> WORK TO BE COMPLETED: Only the lines from the start of the data through the line containing "Koyu beton bir" should be written out, exactly as they are, with both ends included and the pictures left out.

> Captioned web images:
━━━━━━━━
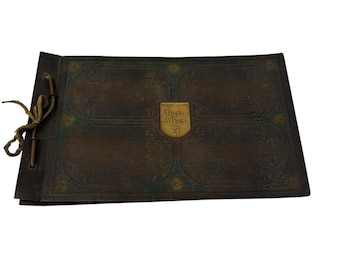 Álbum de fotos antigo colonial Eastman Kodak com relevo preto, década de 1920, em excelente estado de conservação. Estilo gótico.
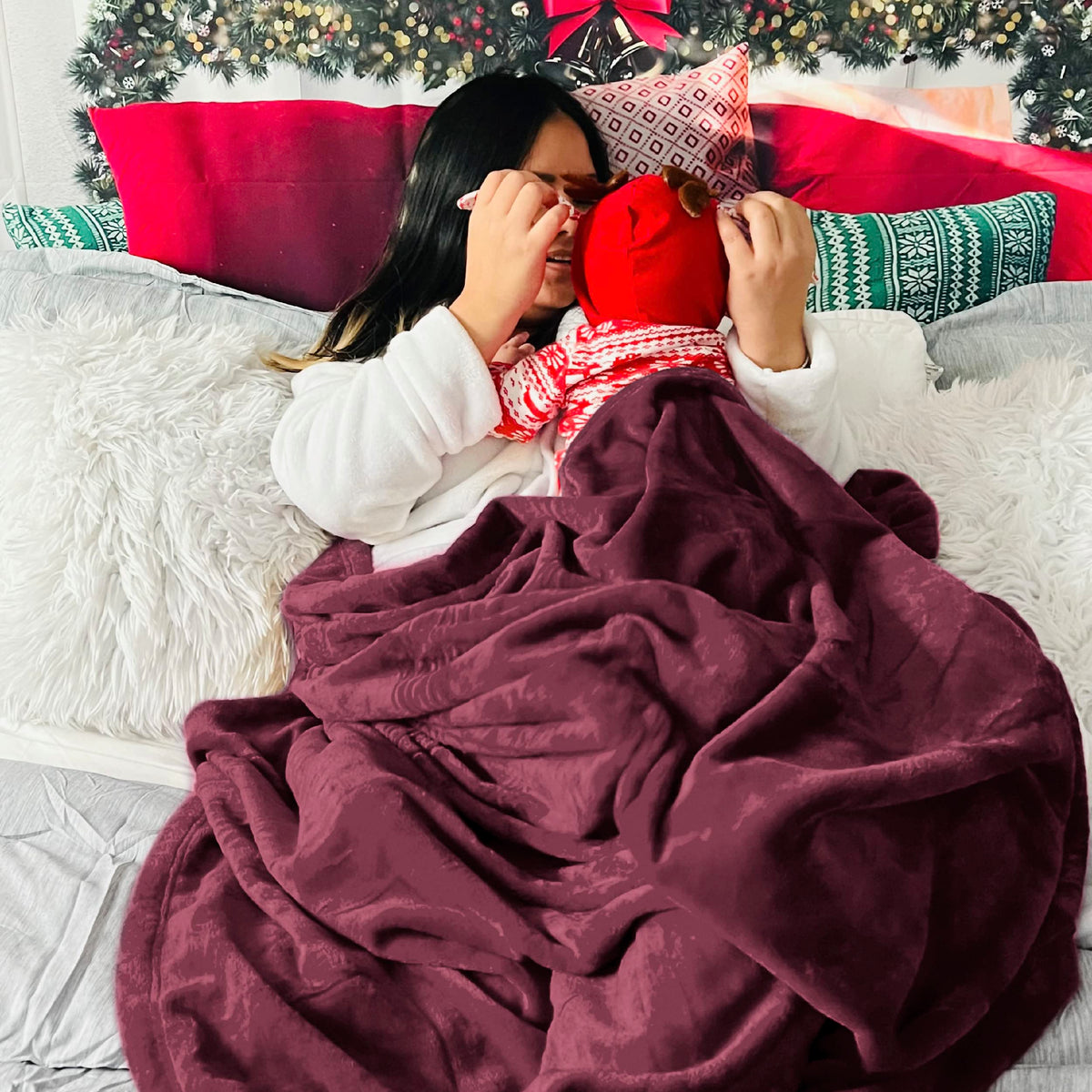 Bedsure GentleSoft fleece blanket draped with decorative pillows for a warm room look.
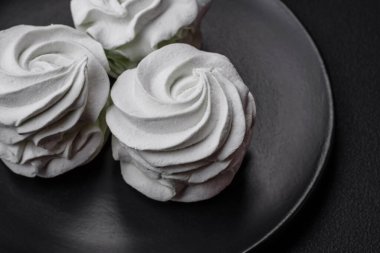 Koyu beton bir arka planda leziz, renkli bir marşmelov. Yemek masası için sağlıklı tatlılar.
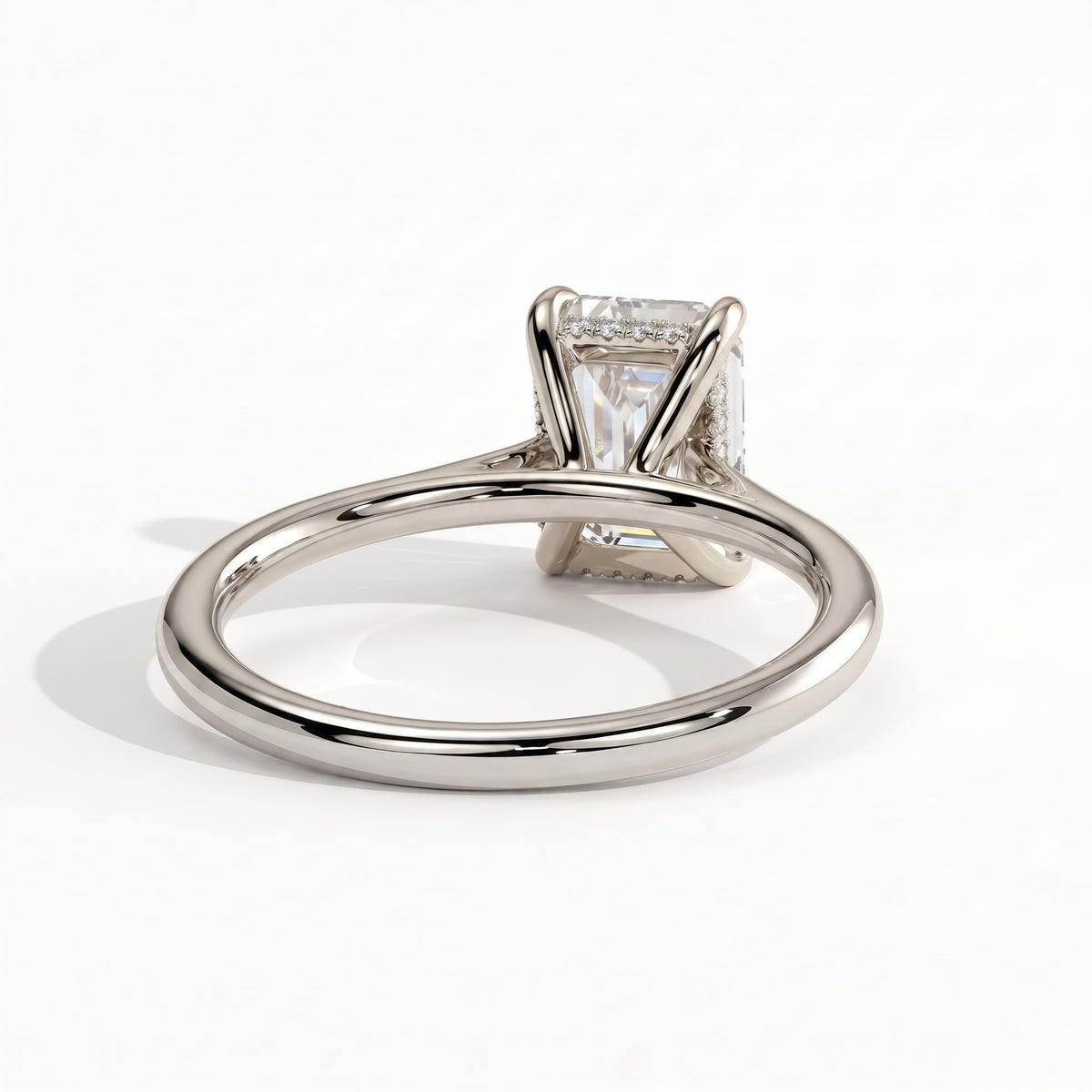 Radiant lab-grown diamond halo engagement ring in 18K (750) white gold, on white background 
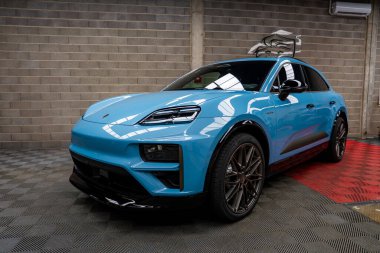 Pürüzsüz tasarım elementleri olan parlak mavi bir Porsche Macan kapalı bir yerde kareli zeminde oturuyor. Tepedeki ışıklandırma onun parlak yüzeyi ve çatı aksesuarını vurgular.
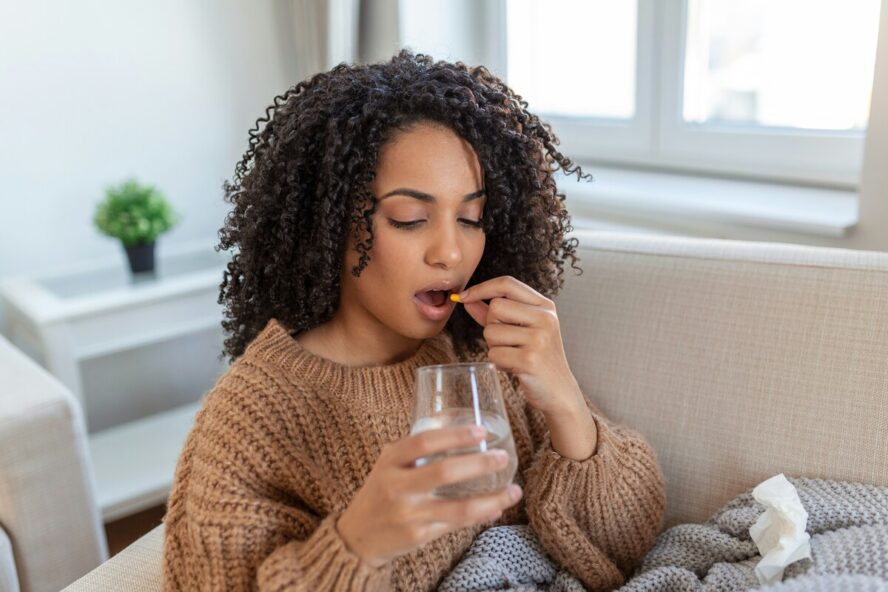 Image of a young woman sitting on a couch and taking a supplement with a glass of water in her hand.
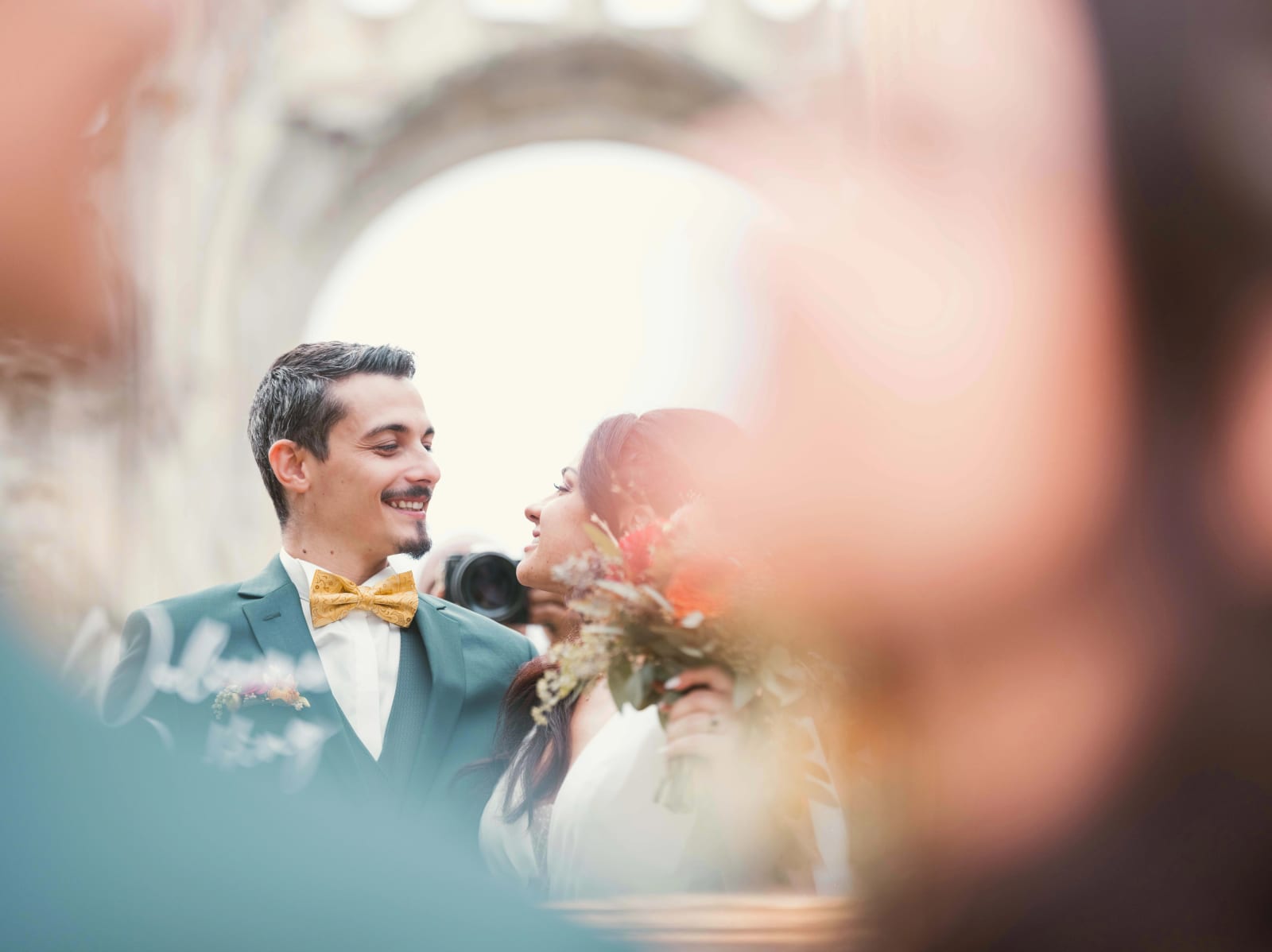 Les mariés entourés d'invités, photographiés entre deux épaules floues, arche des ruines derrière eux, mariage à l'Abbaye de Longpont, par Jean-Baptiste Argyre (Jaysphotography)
━━━━━━━━
> EXPECTED ANSWER:
 Álbum de fotos antigo colonial Eastman Kodak com relevo preto, década de 1920, em excelente estado de conservação. Estilo gótico.
 Bedsure GentleSoft fleece blanket draped with decorative pillows for a warm room look.
 Koyu beton bir arka planda leziz, renkli bir marşmelov. Yemek masası için sağlıklı tatlılar.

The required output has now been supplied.